Hidden under a film, the salad with 22 varieties of herbs harvested in the mountains and in the restaurant's garden from all over the world, seasoned with homemade aged vinegar, pistachio cream, and guanciale. Jerusalem artichoke is processed like black garlic and presented with lime zest, an intense bite that is sweet and umami at the same time, with a hint of citrus acidity.


It is cordyceps powder, a parasitic fungus that attacks insects and spiders, that gives the squid a boost of flavor, with an almost woody bitterness. La Muffa is actually a small slice of beef marinated for three hours in sugar and salt, which is then inoculated with a mold that develops on the surface, similar to brie, with a strong bite and a distinctive flavor. Mancini spaghetti is seasoned with a miso made from barley, to which veal is added and fermented for four years, giving it a very elegant flavor.

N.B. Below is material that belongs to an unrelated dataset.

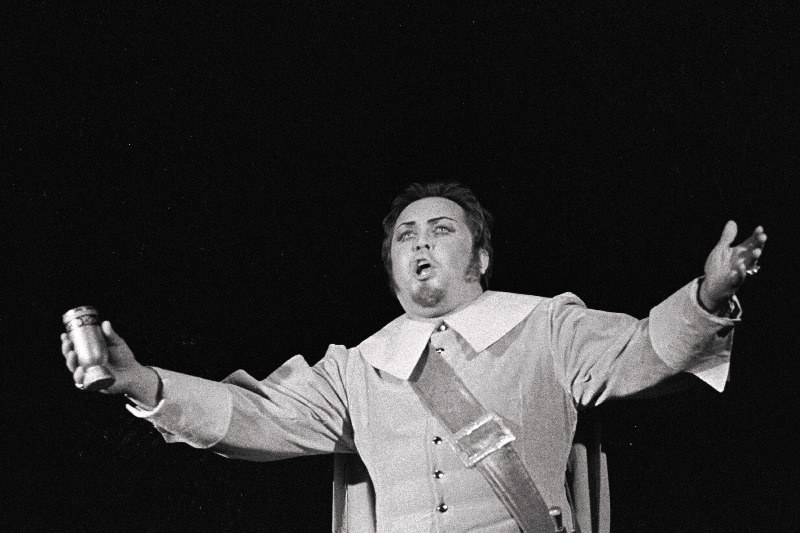 E. Tambergi ooper Cyrano de Bergerac teatris Estonia. Christian de Neuvillette – Hendrik Krumm.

A risotto with polyphonic citrus notes, proposed by the chef, which veers towards spicy thanks to ginger and chili pepper, with Parmesan cheese to round it off as needed, garlic, watercress, and marigold. The wild pigeon fillet is accompanied by a cream of scopettone, a salted herring that enhances the flavor of the bird's meat, alongside a cube of eggplant parmigiana.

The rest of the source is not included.